When I bothered to order a sandwich in my clumsy french, and the man at the restaurant spoke with me, slowly. A small and encouraging breakthrough.
There was this loud buzzing sound sometimes. I heard it when the patio doors were open. I asked my niece what it was, thinking of some power line type of issue.
Cicadas, she said.
Little moments of different.
The kids playing on the fenced-in, cement playground at the school on the (busy) corner, French-accent shouts bouncing off brick walls.
The brick seems to sharpen already bold soundscapes.
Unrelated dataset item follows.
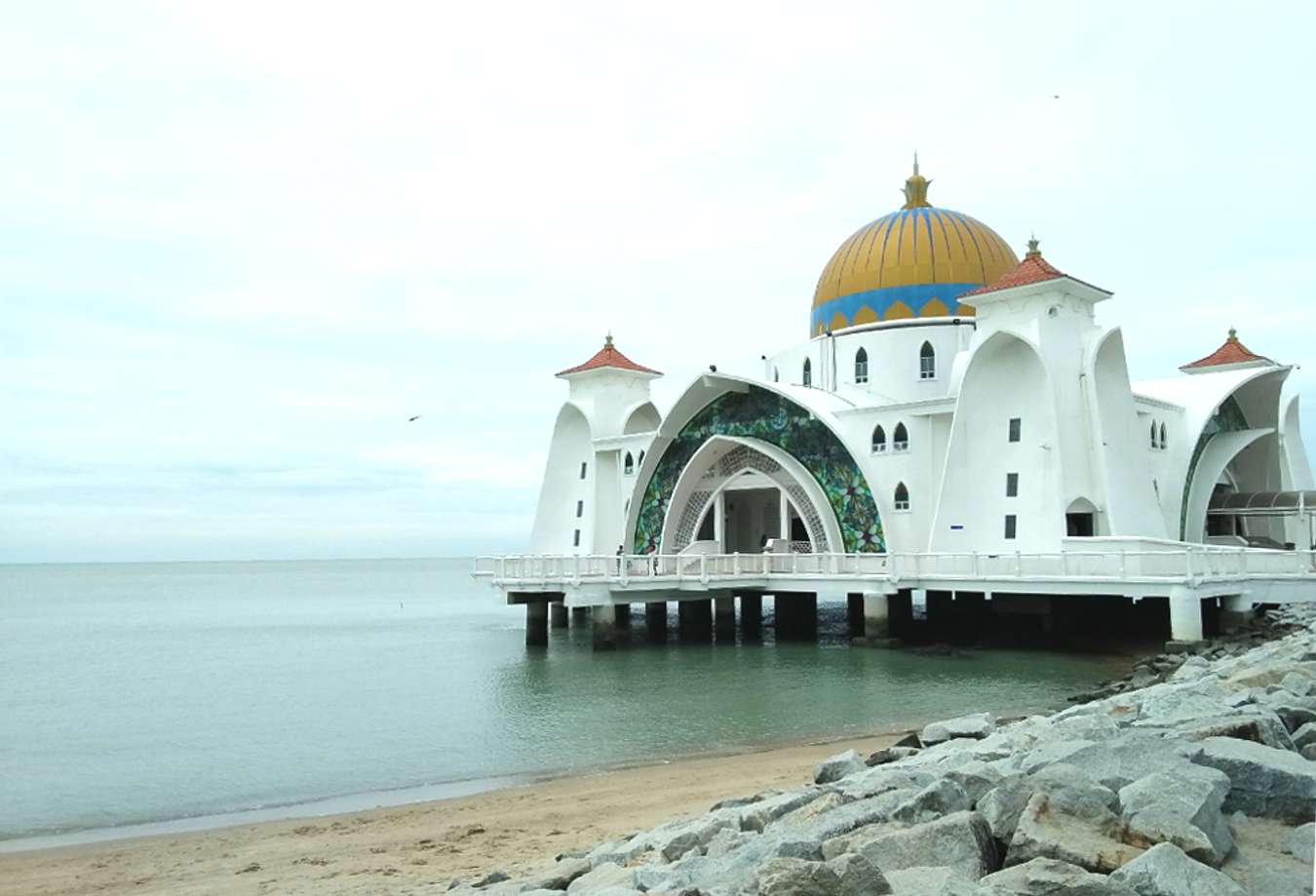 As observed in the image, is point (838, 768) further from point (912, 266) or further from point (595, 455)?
point (595, 455)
The way that the neighbors fighting sounds more like a play than a real thing. Maybe it’s the thicker walls, the fact that I don’t know them, the fact that it sounds more like drama than real problems…but I feel more removed, as if it is some sort of performance. My last neighbors were too close to home.
I couldn’t stand the fighting anymore.
The cab drivers are animated, chatty. Most people seem simultaneously more and less friendly…at least, less forced happiness. There’s flairs of charisma but it’s not vacant charm. It’s authentic and vibrant. No sugarcoats.
I feel like I’m in a movie—not acting in it, just watching characters.
The night I flew out was the night the man burned. I went to a party that I wasn’t invited to and watched that on a TV. Surreal, fitting…especially the way the screen separated us and the man, but also ourselves.
I had felt disconnect for a while and this was symbolic of a real distance that I’d been feeling for so long anyhow.
It was fitting of the shit that I’d shed, the new horizons that I couldn’t wait one more minute to miss. I didn’t idealize the other side at all; I knew it would come with it’s own set of imperfections and trials.
But first would come some semblance of clarity that I’d been craving for so long.